Maybe I'm being too techno-libertarian here, but I believe existing courts + public feedback cycles + iterating on how the public code is consumed by these tools + spreading awareness of the issue is enough to address the licensing problems.

The more accurately we explain the problem, the quicker we'll find good solutions.

[1] usually licensing saying commercial projects need to either pay or not use it at all. Or some attribution clause


"Maybe I'm being too techno-libertarian here, but I believe existing courts + public feedback cycles + iterating on how the public code is consumed + spreading awareness of the issue is enough to address the licensing problems."

I think you are, though. You have to automate the justice as well, traditional courts can't keep pace. You'll just end up with more automated DMCA-style takedowns, not less.


I think you misunderstood my comment then (or how these tools work IRL)... because I'm not saying that it's even worthy of a court case in the vast majority of cases. So why would you need to automate such a thing?

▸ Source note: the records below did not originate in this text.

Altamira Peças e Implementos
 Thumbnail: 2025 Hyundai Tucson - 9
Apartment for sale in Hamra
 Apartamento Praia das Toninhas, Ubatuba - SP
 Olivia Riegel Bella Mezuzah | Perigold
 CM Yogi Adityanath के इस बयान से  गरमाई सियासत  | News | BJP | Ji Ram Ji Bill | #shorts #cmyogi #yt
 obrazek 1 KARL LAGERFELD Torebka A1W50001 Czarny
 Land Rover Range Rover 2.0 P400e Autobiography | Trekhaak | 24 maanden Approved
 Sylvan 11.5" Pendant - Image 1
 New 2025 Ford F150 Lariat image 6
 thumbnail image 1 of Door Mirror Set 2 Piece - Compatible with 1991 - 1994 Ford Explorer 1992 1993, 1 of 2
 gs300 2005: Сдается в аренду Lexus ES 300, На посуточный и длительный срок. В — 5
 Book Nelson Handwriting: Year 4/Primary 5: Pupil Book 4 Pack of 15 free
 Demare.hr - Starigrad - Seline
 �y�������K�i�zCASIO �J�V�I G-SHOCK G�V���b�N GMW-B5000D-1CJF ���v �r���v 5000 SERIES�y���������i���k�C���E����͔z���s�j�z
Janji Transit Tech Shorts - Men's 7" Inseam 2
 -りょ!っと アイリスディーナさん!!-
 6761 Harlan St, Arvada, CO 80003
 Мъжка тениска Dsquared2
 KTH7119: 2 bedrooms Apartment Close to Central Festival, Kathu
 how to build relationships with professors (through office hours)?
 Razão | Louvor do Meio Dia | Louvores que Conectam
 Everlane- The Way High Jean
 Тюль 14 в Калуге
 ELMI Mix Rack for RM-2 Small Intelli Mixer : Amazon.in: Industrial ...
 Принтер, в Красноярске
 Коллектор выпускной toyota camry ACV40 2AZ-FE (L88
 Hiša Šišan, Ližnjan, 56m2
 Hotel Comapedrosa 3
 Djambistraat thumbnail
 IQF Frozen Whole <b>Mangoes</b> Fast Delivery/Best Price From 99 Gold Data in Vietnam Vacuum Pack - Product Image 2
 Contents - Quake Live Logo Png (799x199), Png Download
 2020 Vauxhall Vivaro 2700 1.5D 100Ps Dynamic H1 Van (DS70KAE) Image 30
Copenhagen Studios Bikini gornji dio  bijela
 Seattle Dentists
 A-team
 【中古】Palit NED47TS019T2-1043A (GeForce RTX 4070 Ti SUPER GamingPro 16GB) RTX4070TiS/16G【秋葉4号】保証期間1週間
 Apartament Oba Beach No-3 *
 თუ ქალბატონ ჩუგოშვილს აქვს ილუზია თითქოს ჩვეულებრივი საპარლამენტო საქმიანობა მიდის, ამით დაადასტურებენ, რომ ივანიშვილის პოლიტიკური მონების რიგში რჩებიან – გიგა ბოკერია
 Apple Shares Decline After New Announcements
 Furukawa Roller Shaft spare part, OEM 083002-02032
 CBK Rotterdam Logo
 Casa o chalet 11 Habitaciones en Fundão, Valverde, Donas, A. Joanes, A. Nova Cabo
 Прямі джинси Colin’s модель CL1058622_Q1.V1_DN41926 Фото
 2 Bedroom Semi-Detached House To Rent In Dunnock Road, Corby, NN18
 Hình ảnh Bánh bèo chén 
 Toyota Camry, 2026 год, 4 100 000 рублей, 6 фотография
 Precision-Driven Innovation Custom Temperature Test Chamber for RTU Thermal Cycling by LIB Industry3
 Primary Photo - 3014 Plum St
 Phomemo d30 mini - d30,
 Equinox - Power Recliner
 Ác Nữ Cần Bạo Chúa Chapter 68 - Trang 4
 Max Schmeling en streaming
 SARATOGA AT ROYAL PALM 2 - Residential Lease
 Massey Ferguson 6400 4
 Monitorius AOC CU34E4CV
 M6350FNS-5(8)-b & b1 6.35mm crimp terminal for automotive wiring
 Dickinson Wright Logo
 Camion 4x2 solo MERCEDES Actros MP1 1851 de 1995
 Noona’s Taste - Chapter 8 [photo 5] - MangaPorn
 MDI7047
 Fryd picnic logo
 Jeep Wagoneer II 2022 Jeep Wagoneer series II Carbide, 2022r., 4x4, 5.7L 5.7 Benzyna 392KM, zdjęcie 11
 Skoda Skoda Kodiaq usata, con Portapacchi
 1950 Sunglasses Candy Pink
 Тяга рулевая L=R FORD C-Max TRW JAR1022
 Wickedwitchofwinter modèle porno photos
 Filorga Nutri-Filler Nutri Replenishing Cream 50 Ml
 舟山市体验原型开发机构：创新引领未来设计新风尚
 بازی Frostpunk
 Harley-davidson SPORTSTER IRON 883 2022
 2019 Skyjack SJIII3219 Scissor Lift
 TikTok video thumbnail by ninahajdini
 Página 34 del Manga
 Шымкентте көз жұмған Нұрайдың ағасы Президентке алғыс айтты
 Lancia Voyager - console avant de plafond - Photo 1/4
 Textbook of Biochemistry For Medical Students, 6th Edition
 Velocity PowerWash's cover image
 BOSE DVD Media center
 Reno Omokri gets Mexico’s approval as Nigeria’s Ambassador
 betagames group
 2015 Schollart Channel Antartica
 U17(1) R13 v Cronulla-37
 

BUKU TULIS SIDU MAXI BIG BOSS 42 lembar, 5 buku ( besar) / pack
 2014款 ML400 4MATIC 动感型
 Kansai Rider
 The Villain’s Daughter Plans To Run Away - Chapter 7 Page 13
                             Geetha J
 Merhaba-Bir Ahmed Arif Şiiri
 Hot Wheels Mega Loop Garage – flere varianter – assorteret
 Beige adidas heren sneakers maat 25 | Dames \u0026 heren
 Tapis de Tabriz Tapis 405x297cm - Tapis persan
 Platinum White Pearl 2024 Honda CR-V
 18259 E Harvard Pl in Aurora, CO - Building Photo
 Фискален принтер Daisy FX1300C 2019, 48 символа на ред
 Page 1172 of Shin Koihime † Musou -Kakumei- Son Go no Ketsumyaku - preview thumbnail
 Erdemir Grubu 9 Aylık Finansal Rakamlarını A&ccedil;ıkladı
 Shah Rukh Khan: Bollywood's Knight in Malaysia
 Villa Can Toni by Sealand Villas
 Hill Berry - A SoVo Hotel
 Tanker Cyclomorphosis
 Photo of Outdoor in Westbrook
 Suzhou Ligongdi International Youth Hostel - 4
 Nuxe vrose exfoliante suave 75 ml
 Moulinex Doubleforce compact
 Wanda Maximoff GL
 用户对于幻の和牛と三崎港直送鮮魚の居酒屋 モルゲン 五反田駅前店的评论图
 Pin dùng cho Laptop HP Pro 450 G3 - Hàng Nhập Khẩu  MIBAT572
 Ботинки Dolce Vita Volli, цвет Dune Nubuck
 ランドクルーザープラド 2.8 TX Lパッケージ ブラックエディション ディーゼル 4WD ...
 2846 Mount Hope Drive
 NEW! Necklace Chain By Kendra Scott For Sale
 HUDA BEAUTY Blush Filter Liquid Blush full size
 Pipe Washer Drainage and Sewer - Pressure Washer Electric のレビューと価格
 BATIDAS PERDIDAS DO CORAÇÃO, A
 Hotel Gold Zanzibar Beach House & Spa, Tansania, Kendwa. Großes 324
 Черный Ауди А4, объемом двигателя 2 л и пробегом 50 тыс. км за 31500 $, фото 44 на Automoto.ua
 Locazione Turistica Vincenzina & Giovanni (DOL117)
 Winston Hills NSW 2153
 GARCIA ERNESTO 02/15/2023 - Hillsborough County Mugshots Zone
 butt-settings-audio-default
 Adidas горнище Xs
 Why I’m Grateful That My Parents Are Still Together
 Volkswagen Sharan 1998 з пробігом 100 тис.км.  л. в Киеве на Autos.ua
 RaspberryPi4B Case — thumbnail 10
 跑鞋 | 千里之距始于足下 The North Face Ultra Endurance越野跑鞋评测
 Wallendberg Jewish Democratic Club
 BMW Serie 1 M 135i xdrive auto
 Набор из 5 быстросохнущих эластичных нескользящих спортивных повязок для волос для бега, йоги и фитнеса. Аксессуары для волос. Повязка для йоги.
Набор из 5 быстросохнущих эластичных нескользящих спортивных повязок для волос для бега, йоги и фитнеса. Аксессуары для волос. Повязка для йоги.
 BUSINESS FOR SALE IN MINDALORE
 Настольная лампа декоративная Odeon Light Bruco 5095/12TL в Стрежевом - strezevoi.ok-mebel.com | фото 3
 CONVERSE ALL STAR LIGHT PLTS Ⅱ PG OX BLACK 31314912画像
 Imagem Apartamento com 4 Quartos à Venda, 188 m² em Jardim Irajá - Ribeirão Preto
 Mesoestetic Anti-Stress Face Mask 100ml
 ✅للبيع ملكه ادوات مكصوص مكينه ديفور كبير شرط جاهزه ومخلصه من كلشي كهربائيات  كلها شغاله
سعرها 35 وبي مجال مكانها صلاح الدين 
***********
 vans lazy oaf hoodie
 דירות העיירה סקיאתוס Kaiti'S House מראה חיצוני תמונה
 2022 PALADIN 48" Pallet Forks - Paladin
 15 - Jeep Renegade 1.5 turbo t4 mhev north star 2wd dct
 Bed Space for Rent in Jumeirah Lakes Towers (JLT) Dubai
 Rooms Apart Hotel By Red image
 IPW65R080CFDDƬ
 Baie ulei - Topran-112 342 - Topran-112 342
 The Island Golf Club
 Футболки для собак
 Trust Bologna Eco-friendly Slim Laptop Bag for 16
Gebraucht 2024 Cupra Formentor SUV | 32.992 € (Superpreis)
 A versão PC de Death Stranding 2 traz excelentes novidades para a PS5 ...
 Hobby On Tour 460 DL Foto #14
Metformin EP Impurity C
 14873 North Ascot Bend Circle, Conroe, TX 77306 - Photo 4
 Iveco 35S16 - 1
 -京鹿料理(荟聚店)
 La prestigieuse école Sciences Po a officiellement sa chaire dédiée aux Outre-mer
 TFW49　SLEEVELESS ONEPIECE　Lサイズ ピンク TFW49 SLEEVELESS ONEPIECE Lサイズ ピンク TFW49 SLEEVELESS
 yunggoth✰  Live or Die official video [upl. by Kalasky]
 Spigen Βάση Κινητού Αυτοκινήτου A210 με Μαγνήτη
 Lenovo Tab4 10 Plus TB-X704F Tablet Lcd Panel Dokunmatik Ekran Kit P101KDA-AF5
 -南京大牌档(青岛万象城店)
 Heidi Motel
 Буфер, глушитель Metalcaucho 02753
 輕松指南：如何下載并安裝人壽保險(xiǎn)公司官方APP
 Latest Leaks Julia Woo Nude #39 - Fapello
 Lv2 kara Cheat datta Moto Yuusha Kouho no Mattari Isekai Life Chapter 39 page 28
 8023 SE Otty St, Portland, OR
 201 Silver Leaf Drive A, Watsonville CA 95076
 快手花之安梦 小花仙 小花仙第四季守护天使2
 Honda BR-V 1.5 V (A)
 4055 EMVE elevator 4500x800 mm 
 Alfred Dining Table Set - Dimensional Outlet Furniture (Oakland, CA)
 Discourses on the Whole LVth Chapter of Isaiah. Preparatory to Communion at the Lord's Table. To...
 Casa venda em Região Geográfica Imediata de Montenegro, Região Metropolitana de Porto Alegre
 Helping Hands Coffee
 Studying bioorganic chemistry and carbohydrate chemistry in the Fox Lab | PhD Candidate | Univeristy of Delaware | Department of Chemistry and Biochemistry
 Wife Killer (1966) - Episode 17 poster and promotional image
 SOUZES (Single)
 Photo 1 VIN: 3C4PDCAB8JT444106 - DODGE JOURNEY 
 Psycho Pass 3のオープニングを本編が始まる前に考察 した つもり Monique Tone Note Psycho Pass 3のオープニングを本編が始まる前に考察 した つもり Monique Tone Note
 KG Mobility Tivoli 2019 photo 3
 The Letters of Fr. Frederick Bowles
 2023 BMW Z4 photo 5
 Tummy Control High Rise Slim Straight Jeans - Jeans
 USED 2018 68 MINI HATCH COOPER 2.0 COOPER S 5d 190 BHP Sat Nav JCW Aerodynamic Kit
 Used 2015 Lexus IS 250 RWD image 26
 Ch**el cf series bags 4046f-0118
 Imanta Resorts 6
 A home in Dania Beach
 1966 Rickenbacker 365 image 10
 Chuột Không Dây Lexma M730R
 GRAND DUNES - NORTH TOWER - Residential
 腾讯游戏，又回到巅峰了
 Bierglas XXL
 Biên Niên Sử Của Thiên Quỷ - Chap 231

And I don't even see how an automated DMCA system could exist because I doubt they'd win monetary damages in court over a 'stolen' function or two (or detect it in most commercial applications in the first place).

Regardless a single class action should be enough to make Microsoft either shut down their project or adapt (via whistleblowers, leaked code, public repos, etc). And regardless if they don't adapt by investing in the possible solutions here, an OSS project could take it's place eventually and the courts wouldn't even be a useful solution.

Ideally a capital-backed company will help solve this, with the obvious legal incentives that already exist. But even if it doesn't this isn't going away.


>That's like comparing grand-theft auto to someone stealing a pack of gum from a convenience store.

They're both more like grand-theft auto, but one involves the valet driver leaving with your car, and the other involves smashing a window.